Records for this task —
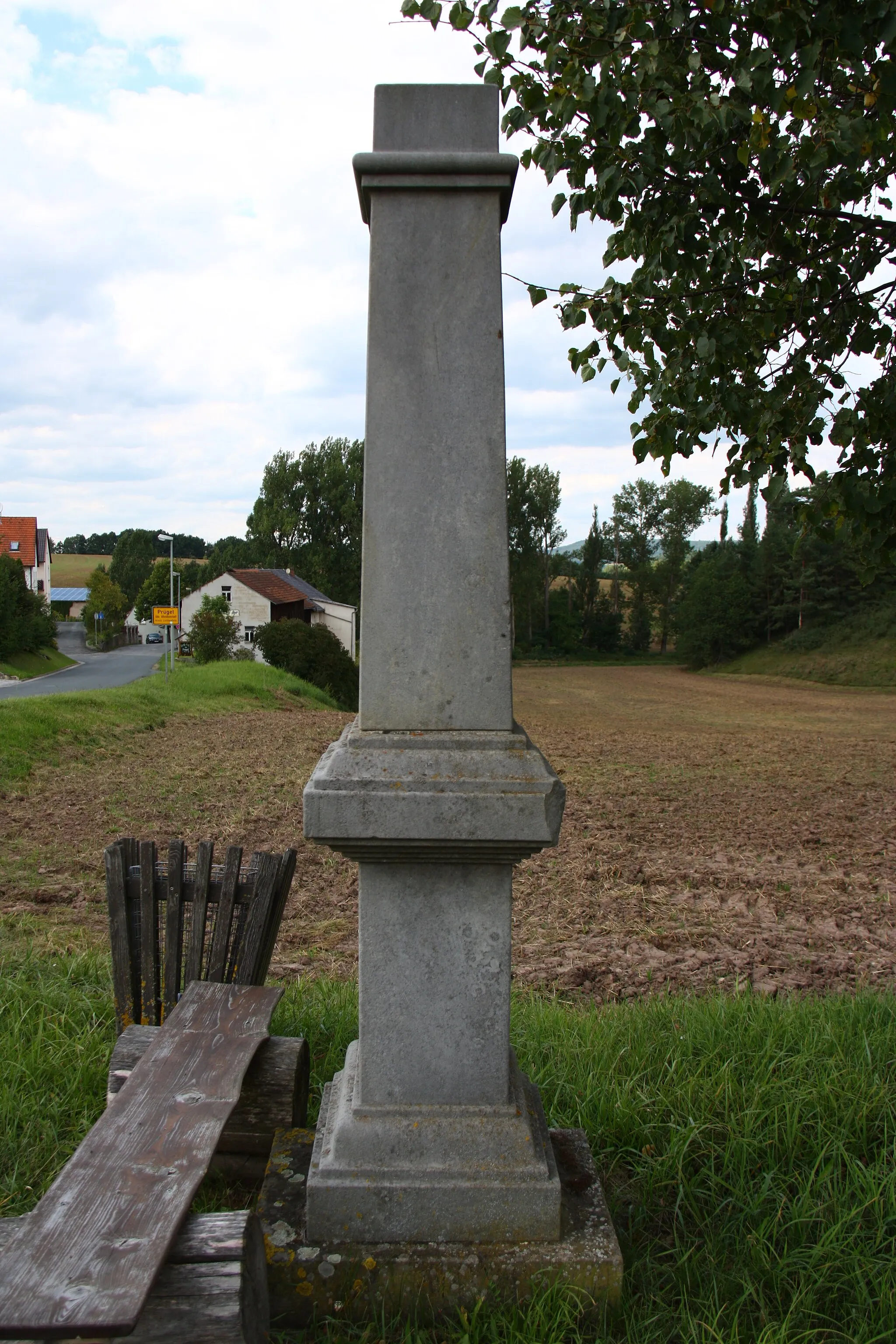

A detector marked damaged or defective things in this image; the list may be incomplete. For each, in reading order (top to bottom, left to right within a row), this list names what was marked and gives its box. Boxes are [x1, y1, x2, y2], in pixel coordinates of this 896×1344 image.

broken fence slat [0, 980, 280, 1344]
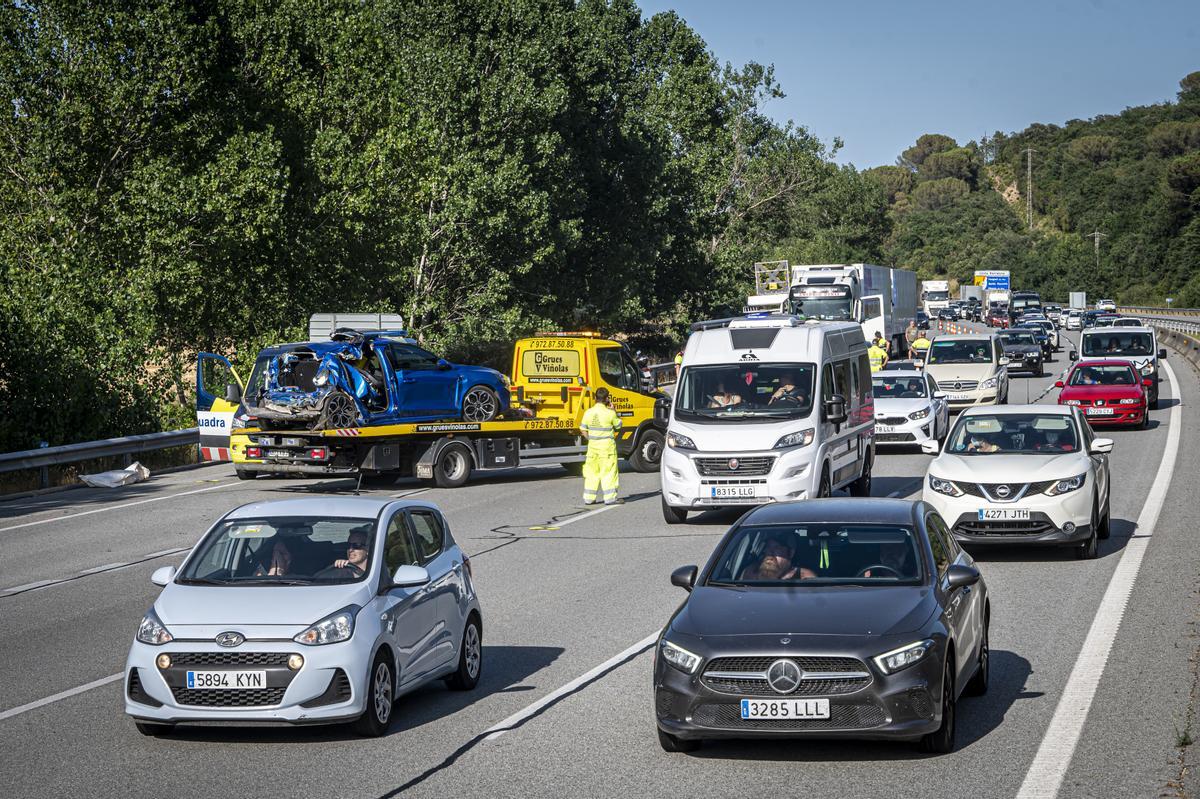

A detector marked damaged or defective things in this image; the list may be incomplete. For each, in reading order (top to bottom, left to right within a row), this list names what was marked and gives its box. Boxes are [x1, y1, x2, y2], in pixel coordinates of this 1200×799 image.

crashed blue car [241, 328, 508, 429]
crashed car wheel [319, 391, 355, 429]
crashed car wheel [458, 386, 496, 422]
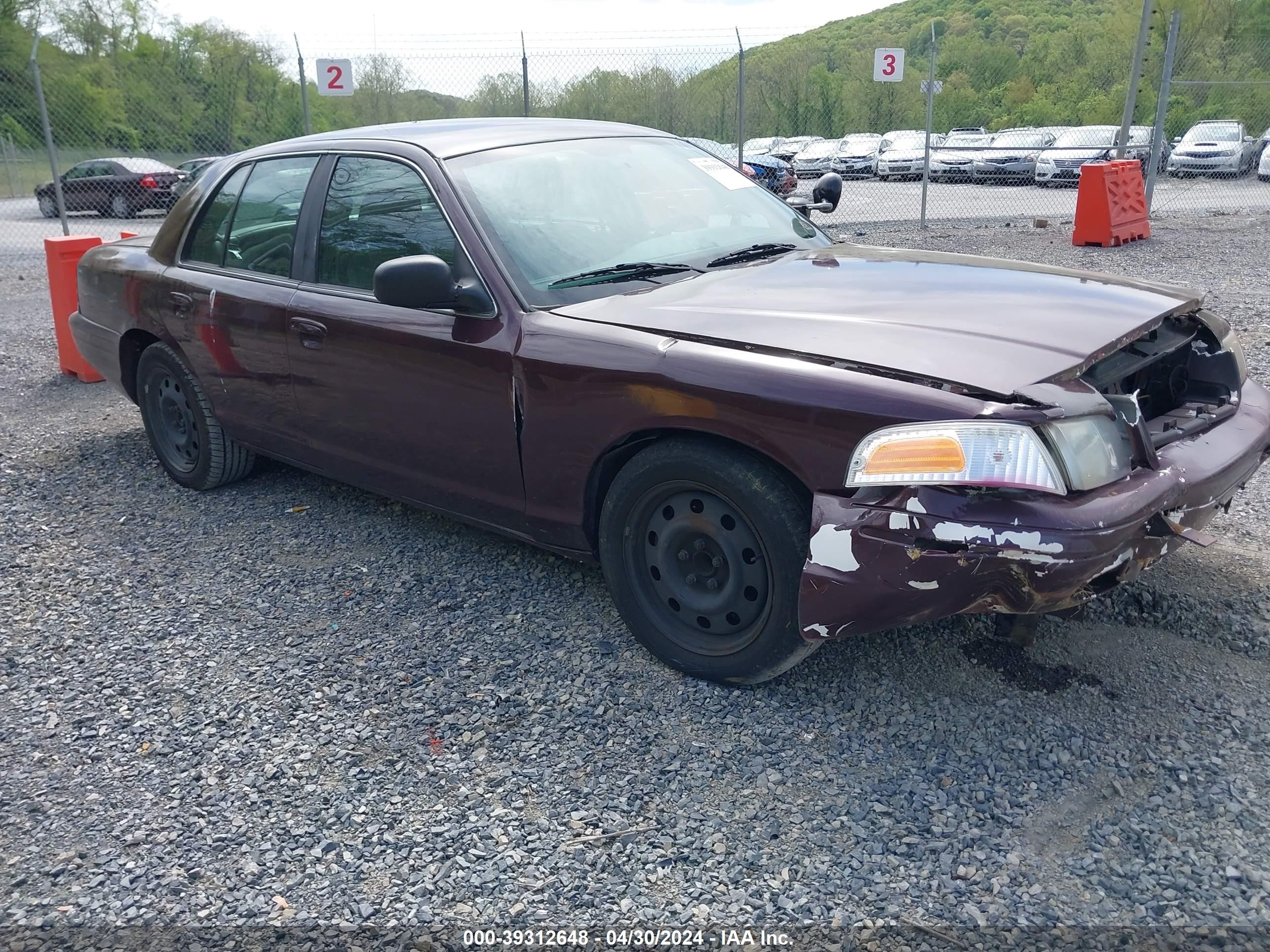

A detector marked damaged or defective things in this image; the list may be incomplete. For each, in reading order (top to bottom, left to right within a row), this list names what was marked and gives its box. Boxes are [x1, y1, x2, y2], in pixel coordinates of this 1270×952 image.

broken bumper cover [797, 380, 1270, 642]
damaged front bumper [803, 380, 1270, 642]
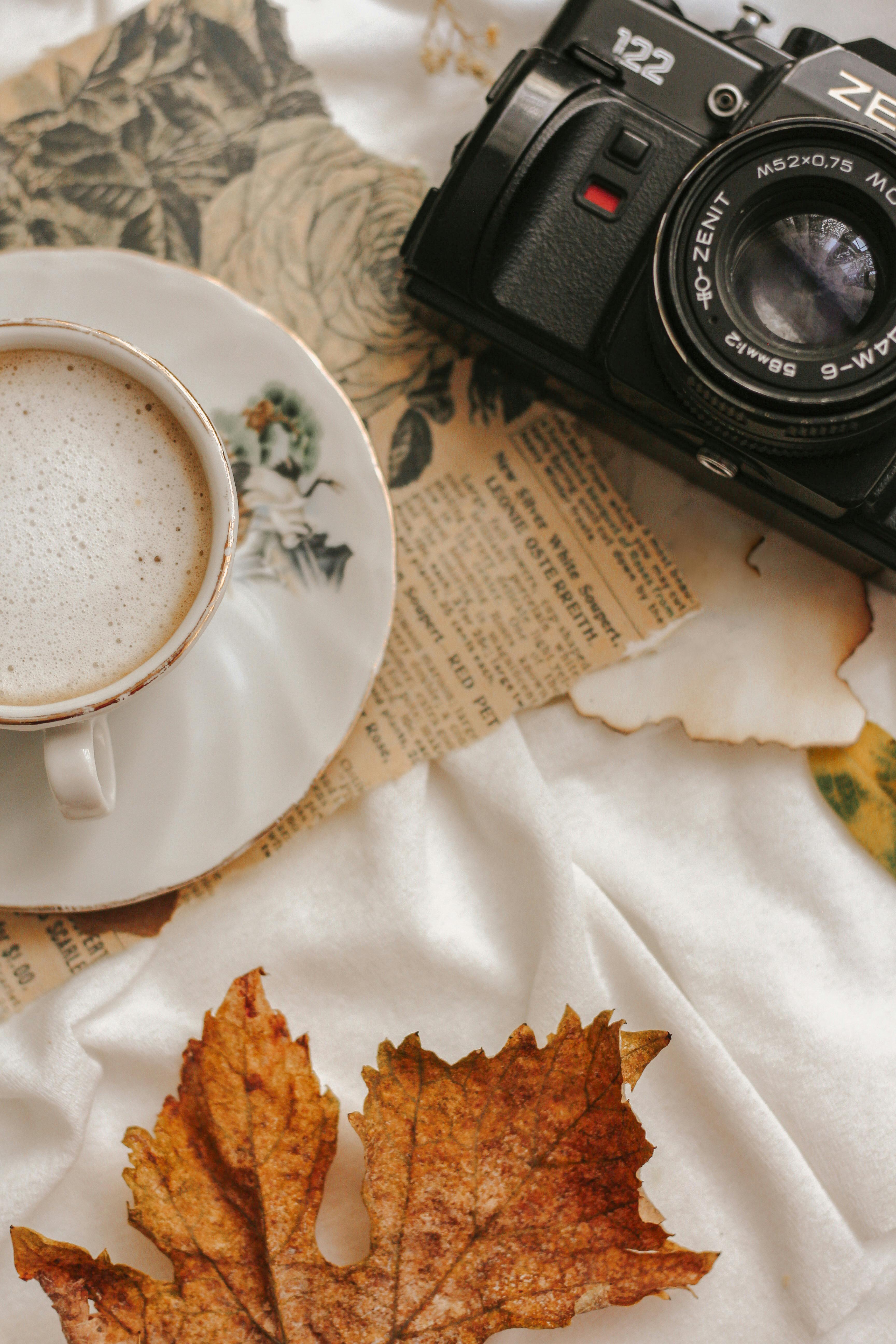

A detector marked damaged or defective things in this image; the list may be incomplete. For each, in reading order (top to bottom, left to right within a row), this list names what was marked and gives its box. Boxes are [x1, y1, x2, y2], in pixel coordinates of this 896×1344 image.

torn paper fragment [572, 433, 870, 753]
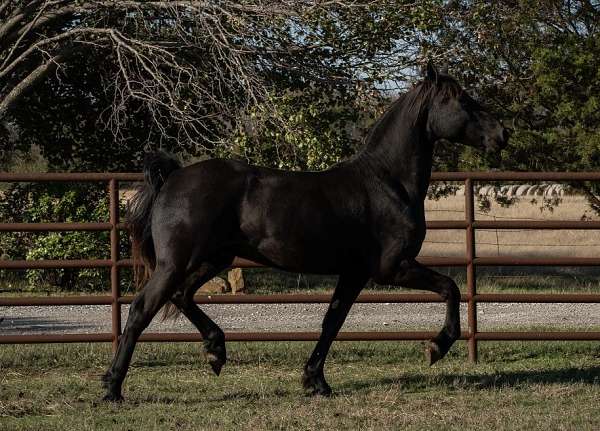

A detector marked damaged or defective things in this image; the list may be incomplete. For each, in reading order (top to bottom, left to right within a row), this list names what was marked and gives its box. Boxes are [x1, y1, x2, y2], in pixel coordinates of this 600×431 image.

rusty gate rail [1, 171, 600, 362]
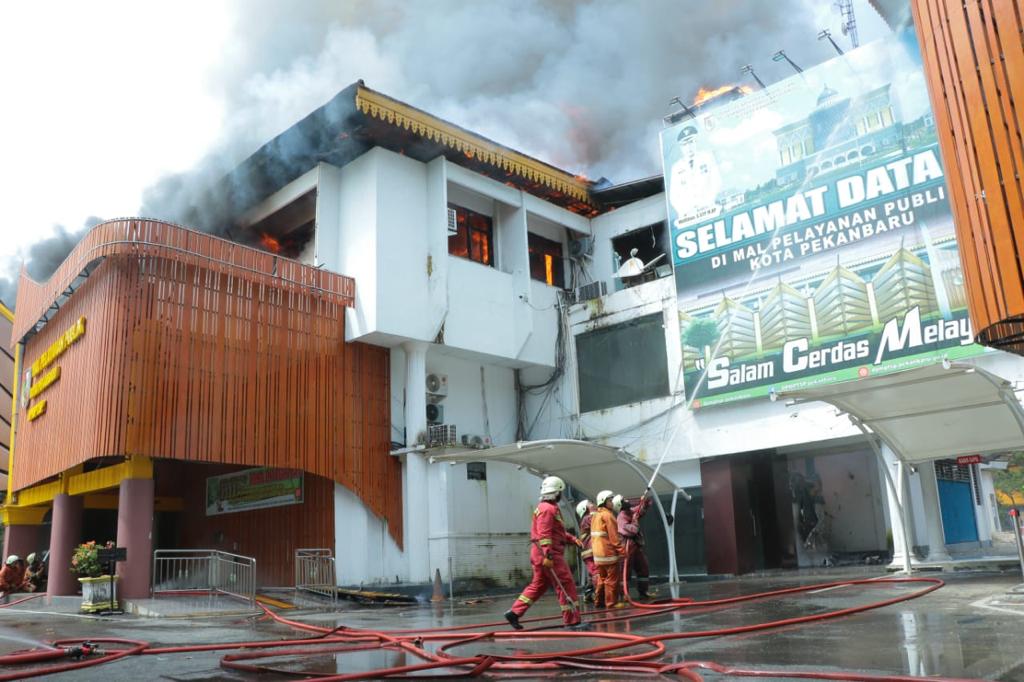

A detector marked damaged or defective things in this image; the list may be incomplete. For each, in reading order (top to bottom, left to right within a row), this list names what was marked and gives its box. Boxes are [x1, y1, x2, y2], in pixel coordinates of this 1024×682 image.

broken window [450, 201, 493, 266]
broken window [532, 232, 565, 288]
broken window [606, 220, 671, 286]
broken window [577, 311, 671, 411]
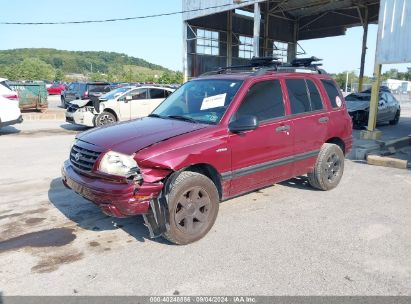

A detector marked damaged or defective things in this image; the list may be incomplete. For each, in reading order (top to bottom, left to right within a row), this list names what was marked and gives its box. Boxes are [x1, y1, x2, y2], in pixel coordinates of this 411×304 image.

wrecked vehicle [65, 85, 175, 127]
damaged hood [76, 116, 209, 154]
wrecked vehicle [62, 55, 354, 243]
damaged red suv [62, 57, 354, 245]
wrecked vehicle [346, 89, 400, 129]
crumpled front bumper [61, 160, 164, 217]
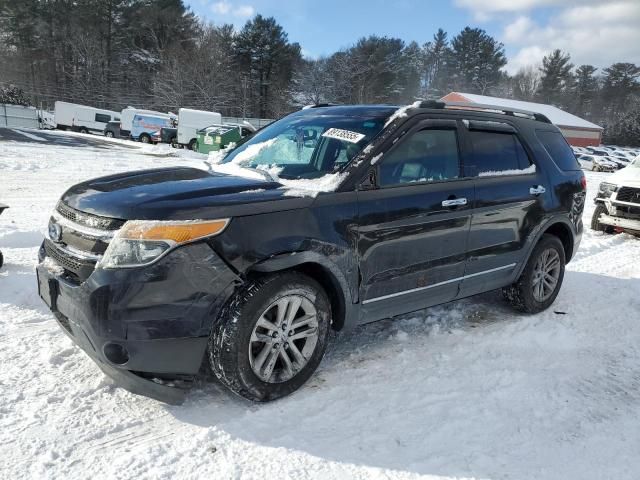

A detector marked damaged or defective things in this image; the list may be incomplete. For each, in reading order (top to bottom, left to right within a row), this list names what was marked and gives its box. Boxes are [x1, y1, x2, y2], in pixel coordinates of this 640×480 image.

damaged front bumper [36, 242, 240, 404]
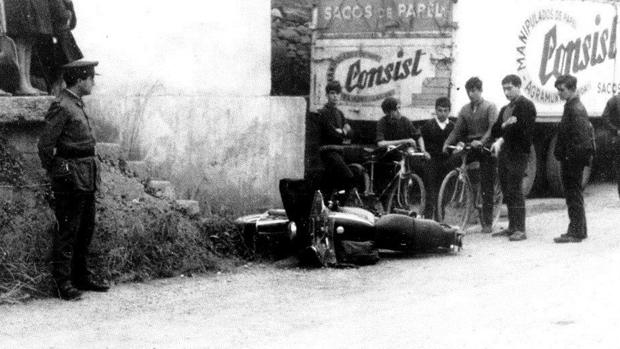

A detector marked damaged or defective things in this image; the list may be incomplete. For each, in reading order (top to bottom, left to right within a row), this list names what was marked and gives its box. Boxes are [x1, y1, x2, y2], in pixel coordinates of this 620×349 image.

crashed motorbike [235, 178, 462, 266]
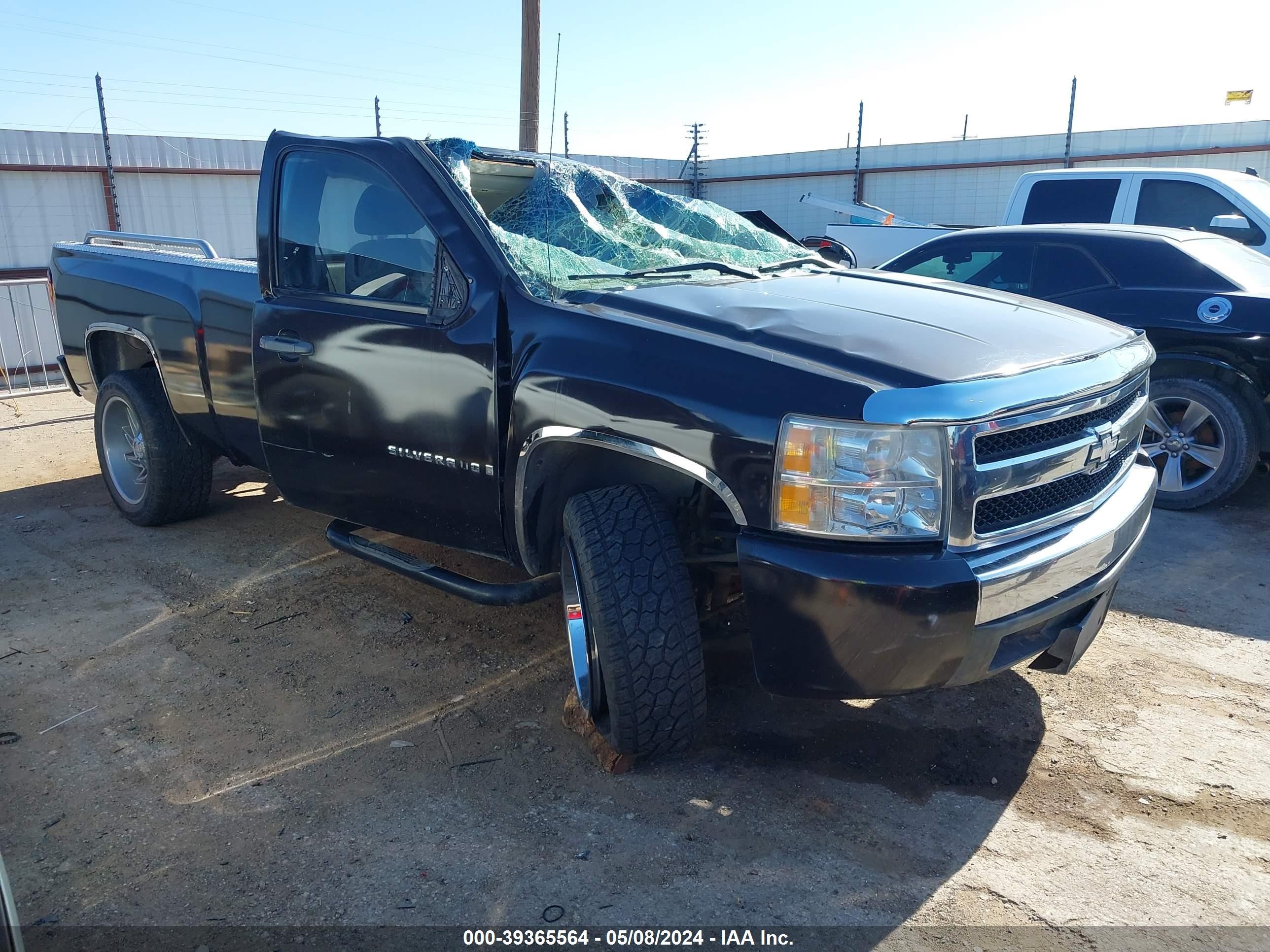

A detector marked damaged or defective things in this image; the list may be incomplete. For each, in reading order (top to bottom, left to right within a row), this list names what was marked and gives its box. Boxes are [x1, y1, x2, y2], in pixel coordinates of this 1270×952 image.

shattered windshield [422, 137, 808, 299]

Problem to work on —
Beginning with the line where "this 620×349 image." appears, restate word for word every line down to the last one in the data, but keep the pictures out.

Solution —
A detector marked damaged or defective things in this image; the list may be incomplete. For each, in reading order (top to bottom, left to right within a row), this list names what was marked and gives its box. Boxes are [x1, y1, x2, y2], in pixel coordinates of this 620×349 image.

crashed motorbike [235, 178, 462, 266]

A detector marked damaged or defective things in this image; the list may be incomplete. For each, in reading order (top to bottom, left to right within a row), this list names what was marked and gives its box. Boxes are [x1, y1, x2, y2], in pixel coordinates of this 1270×952 image.

shattered windshield [422, 137, 808, 299]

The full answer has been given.